• [PROBLEM STATEMENT]:
What is needed is a verbatim copy of the data, minus the pictures.

Start of COLLECTED DATA

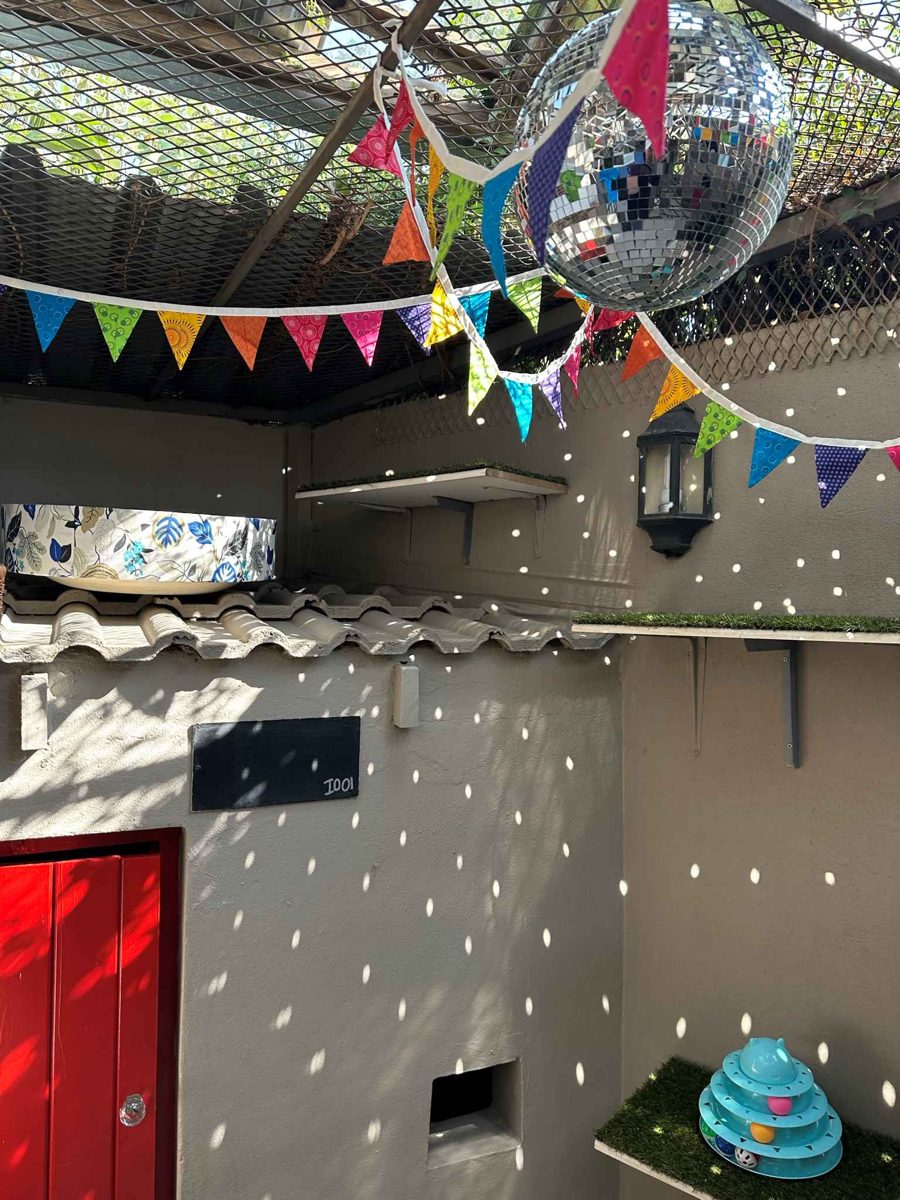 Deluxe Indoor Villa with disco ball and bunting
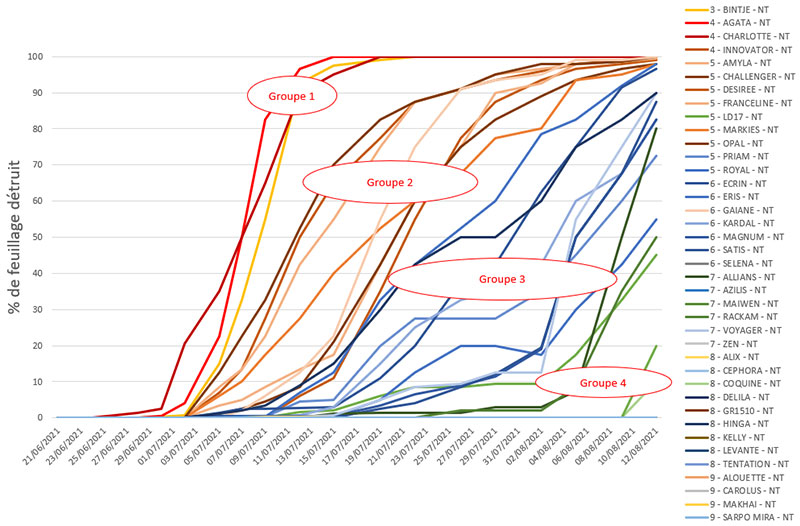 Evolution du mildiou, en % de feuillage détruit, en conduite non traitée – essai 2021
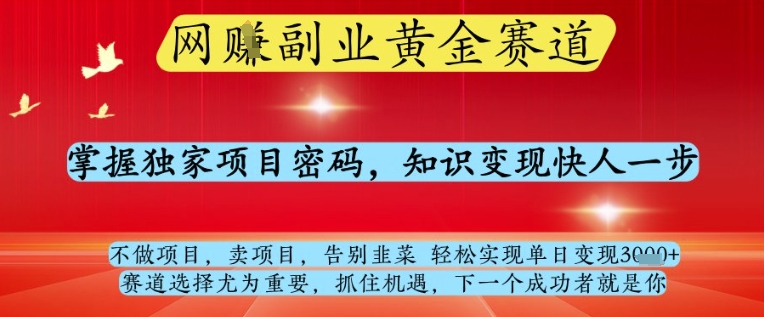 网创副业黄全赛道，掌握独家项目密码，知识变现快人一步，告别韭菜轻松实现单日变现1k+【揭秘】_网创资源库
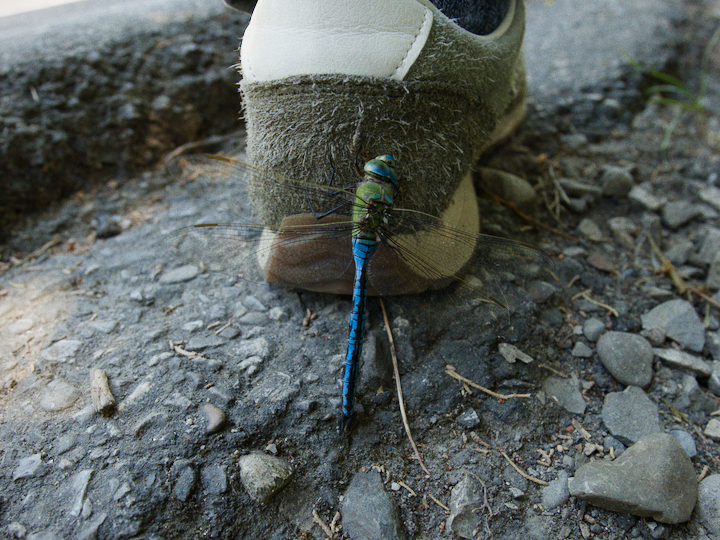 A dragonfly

End of COLLECTED DATA

• [SOLUTION]:
 Deluxe Indoor Villa with disco ball and bunting
 Evolution du mildiou, en % de feuillage détruit, en conduite non traitée – essai 2021
 网创副业黄全赛道，掌握独家项目密码，知识变现快人一步，告别韭菜轻松实现单日变现1k+【揭秘】_网创资源库
 A dragonfly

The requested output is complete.